In today’s competitive marketplace, it is essential for professional advisers and their firms to remain aligned with clients’ changing needs and expectations. A well‑designed client feedback programme is a powerful tool that can be scaled up to support this objective.
This article outlines ten practical tips to help embed success into your scaled-up client feedback programme and highlights factors which, if ignored, can make it harder to realise its full value.
1. Keep clients at the centre of what you do
Keeping clients at the centre of everything your firm does makes good business sense. By understanding client opinions and needs, firms are better positioned to create client‑perceived value, win more work, and mitigate risk.
2. Secure senior buy‑in to scale-up and link outputs to the business plan
Your client feedback programme should be clearly positioned as part of the firm’s business plan, delivering benefits for clients, fee earners, and the firm as a whole. Link feedback questions directly to business objectives. When insight aligns with strategic priorities, it becomes more actionable and valuable. If outputs cannot be linked to business goals, the issue is usually either who is being interviewed or how questions are framed, both of which can be addressed.
3. Choose the right scale-up team
Successful programmes are led by a small, diverse team who champion the initiative across the firm. Typical roles include an executive sponsor, project manager, data specialist, and administrative support, with key adovates in each office/practice group. These roles rarely require full‑time commitment and will evolve as the programme matures. The project manager is particularly important, often starting as the scale-up process manager and developing into a strong advocate for the programme’s success.
4. Demonstrate return on investment
Return on investment should be visible and meaningful. ROI typically falls into two categories, soft and hard.
- Soft ROI relates to process and engagement, such as programme launch, increased response rates, improved engagement with hard‑to‑reach clients, training outcomes, and internal or external communications. While these benefits may not always be easily monetised, they can have a wide cultural and reputational impact.

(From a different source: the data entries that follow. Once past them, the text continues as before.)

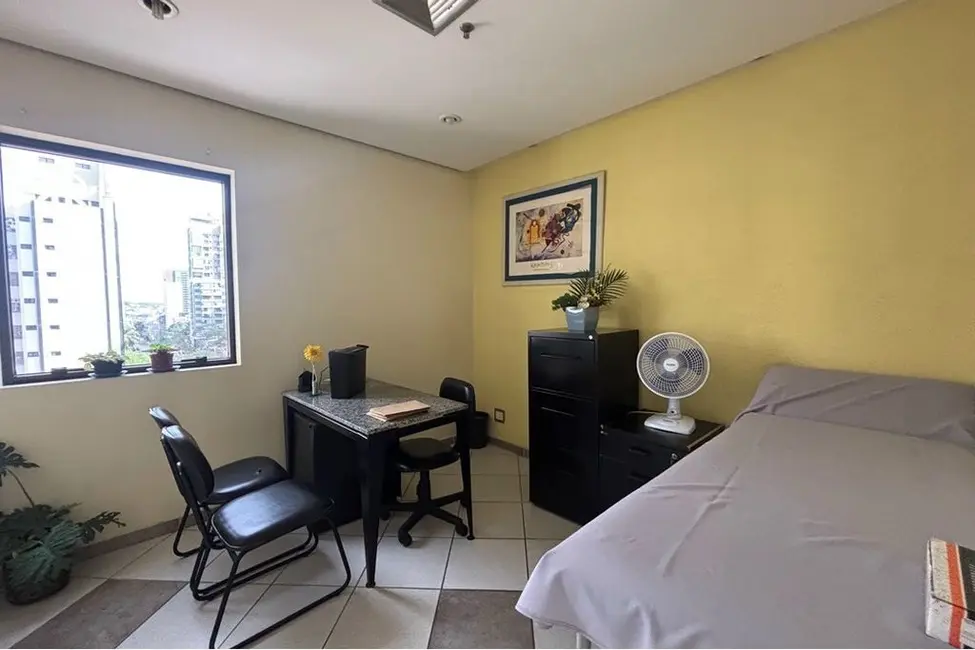 Sala Comercial à venda, 52m2 em Vila Clementino, São Paulo - SP - imagem 2 Foto 2 de Sala Comercial à venda, 52m2 em Vila Clementino, São Paulo - SP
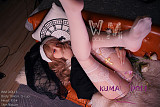 TPE製ラブドール WM Dolls 164cm D-Cup #355 ELF ears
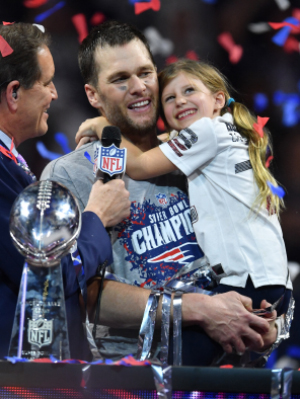 Tom Brady's Father's Day Gift Picks on  Was Made for Sports Fans –  SheKnows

- Hard ROI links directly to commercial outcomes, such as retaining at‑risk clients, winning new mandates, increasing revenue, resolving issues, and identifying cross‑sell opportunities. These benefits can be quantified and reported.
5. Set and report key performance indicators
KPIs should reflect the maturity of the programme and the firm’s business objectives, and are often closely aligned to ROI. Early‑stage programmes may focus on participation rates or satisfaction measures, while more advanced programmes may combine satisfaction, recommendation metrics, and service delivery indicators. Consistent internal benchmarking helps track performance, identify trends, and define what success looks like.

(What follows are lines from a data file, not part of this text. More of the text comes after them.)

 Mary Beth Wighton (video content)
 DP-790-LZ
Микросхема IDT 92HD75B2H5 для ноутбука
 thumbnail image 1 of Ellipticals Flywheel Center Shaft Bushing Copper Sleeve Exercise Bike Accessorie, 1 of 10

6. Offer flexible interview options
Offering different interview formats improves participation and acceptance. Interview methods should reflect client importance, complexity, and geography. In practice, this may involve in‑person or virtual interviews for key clients, telephone interviews for dispersed clients, and online web-surveys for more transactional relationships.
7. Welcome both positive and negative feedback
Most feedback in professional services is positive, but relying only on favourable responses creates risk. Indifferent or negative feedback provides vital insight and opportunities for improvement. Negative feedback should be viewed as a chance to learn, strengthen service delivery, and reduce future risk. When issues are addressed effectively, they can often be turned into success stories.
8. Reward and recognise success
Recognising success reinforces the value of the programme, this is a key role of a managing partner or CEO. Fee earners benefit from acknowledgement for good service, recommendations, and commercial outcomes. Structured recognition, and constructive responses when issues arise, help embed learning across the firm. Everyone has a role in meeting client expectations.
9. Communicate clearly and consistently
Communication is critical, both externally and internally. Clients should hear a clear message of thanks, listening, and action. Internally, communication should share insight themes, ROI, and KPIs, supported by evidence and clear analysis. Gap analysis between client expectations and service delivery is often an effective way to communicate findings.
10. Take action
Client feedback only creates value when it leads to action; more feedback invariably means more action. Insight should be treated as a catalyst for improvement, whether changes are large or small. The key principle is accountability. Someone, somewhere, must own the action arising from feedback to ensure learning is translated into better client outcomes.